Etant donné que la société SOC 2) a admis à l’audience du tribunal du travail qu’elle a assuré à partir du 1er décembre 2014 cette activité de transport, antérieurement effectuée par la société SOC 3), la condition du transfert d’une entité économique qui a conservé son identité et dont l’activité est poursuivie, est également vérifiée.
(...) A la lumière des textes légaux détaillés ci-avant, la Cour retient que la pratique de la société SOC 2), consistant à reprendre une entité économique au service d’un but clairement défini, à savoir la continuation de l’activité de transport pour le compte de la société SOC 4), mais à faire embaucher les salariés assurant le transport en question par son sous-traitant, la société SOC 5), n’est qu’une tentative de contournement des règles applicables au transfert d’entreprise, ceci d’autant plus que la société SOC 2) avait admis en première instance que cette activité de transport avait été assurée par ses propres véhicules, mis à disposition de son sous-traitant.

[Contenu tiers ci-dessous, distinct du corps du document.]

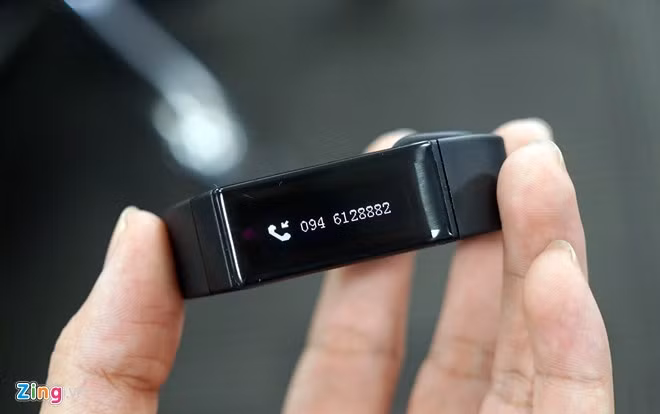 Sau khi kết nối, X6S có thể nhận thông báo cuộc gọi. Vòng smartband này sẽ hiện tên đầy đủ nếu liên lạc có lưu sẵn trong danh bạ.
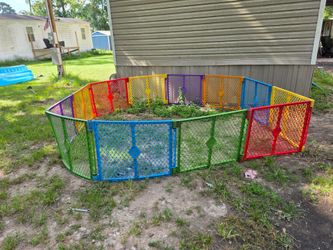 Large baby gate/play area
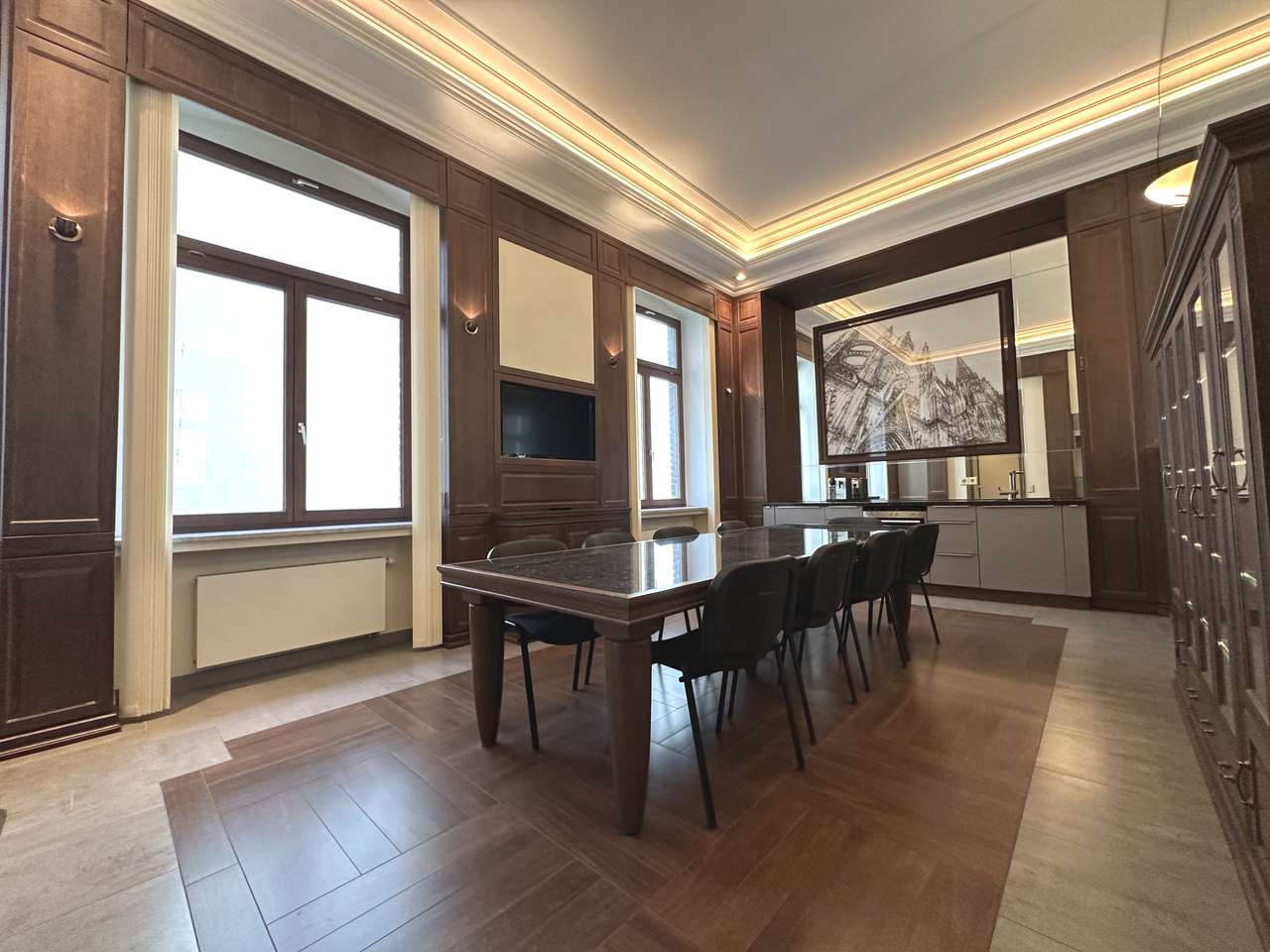 KERNSANIERTE ALTBAU 5 ZIMMER WOHNUNG/BÜRO MIT BALKON UND TRAUMHAFTEN FLAIR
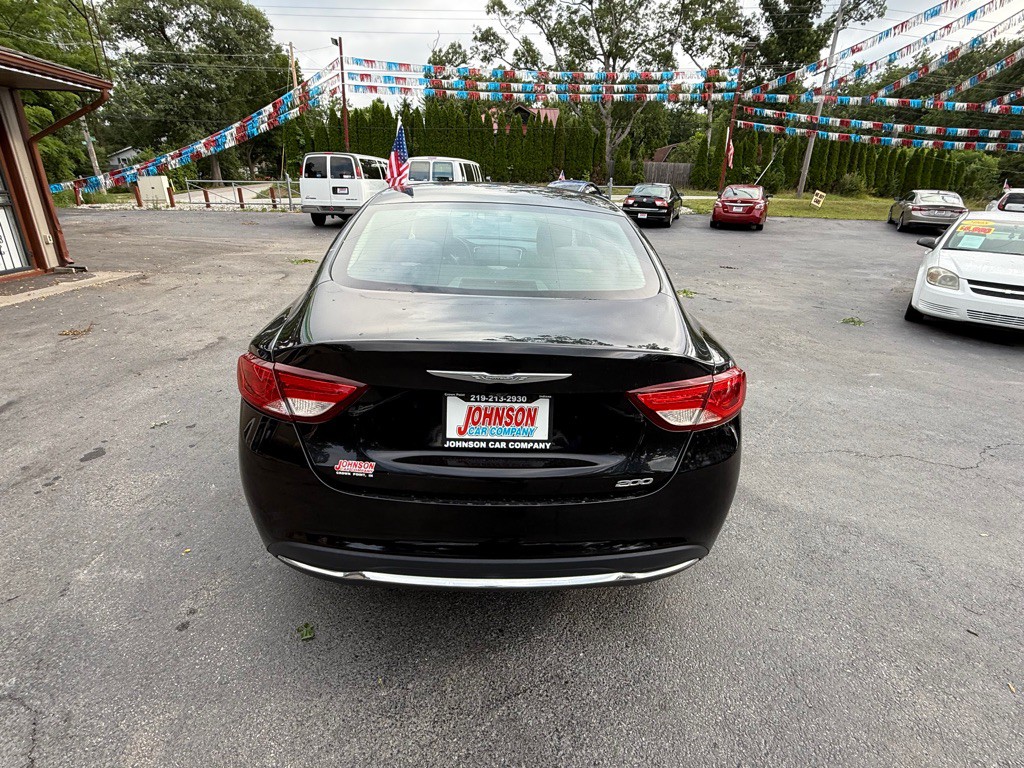 2016 Chrysler 200 Image 6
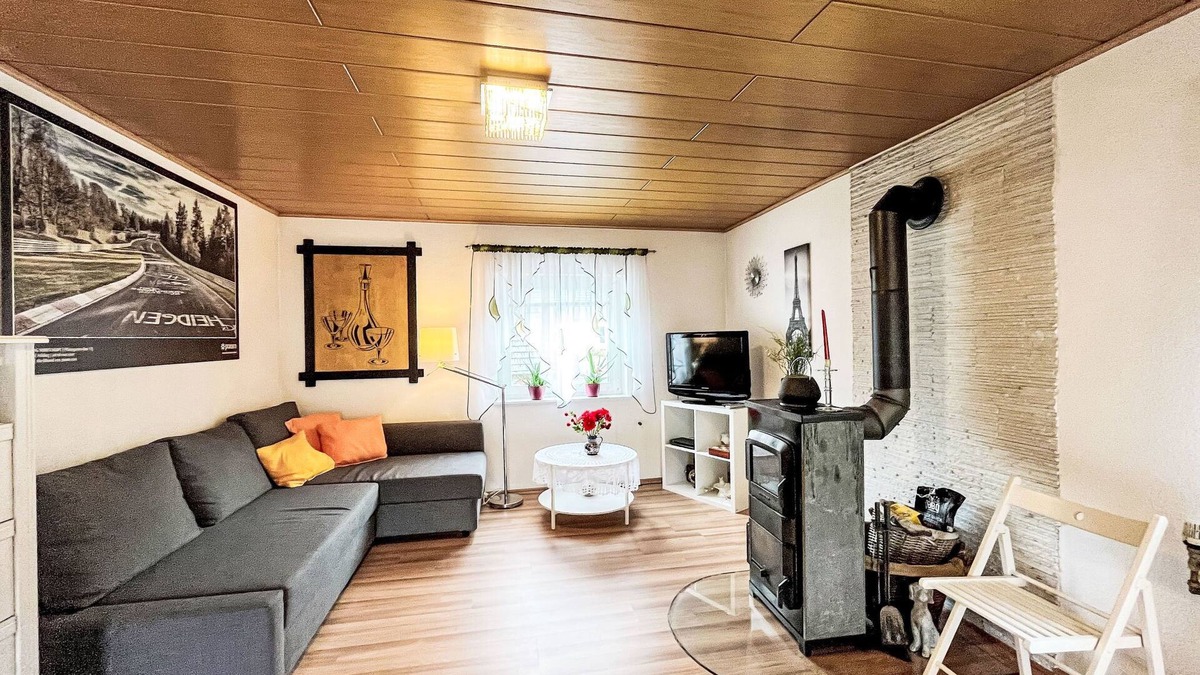 Quiddelbach Apartment | Ferienwohnung Renata 1 nahe Nürburgring by Interhome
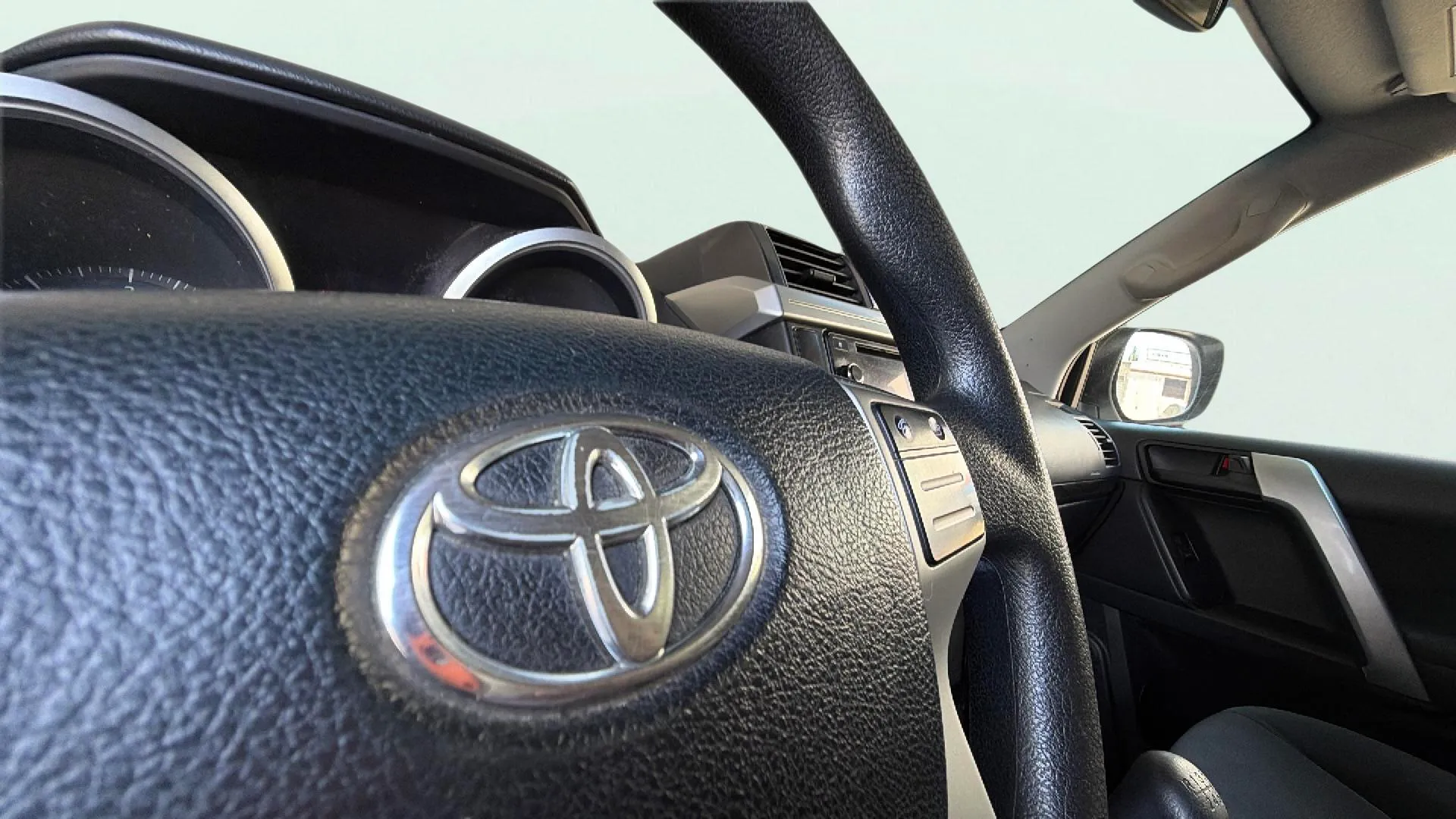 Toyota Land Cruiser 2.8 D-4D GX - foto 26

Le jugement du tribunal du travail du 16 septembre 2019 est dès lors à confirmer en ce qu’il a retenu l’existence d’un transfert d’entreprise de la société SOC 3) vers la société SOC 2).
Le licenciement
Aux termes de l’article L. 127-3 du Code du travail, le cessionnaire reprend les contrats de travail existants, rattachés à l’activité transférée. Dans sa requête du 3 avril 2015 A soutient qu’elle a été licenciée oralement en date du 1er décembre 2014, sinon en date du 8 janvier 2015.
C’est à bon droit et pour des motifs que la Cour fait siens, que le tribunal du travail a retenu que A n’avait pas fourni la preuve d’une intention claire et non équivoque de son employeur de mettre fin à la relation de travail en date du 1er décembre 2014.
La société SOC 2) a fait savoir par l’intermédiaire d’un courrier adressé au mandataire de A ... que «… non seulement SOC 2) n’a jamais marqué son accord au transfert des salariés mais qu’il n’y a pas transfert d’entreprise au sens de la loi alors qu’il n’y a « pas » eu cession des facteurs d’exploitation. Vous apprendrez dans ce contexte que les véhicules de transport n’ont par exemple pas été cédés »,
Tel que retenu à bon droit par le tribunal du travail, ce courrier exprimait, sans la moindre équivoque possible, l’intention de la société SOC 2) de ne pas reprendre A en tant que salariée et impliquait la résiliation du contrat de travail qui venait de lui être transféré.
Le jugement du tribunal du travail du 16 septembre 2019 est partant à confirmer en ce qu’il a retenu que cette décision n’était pas basée sur des motifs réels et sérieux et que le licenciement de la requérante (A) était à déclarer abusif.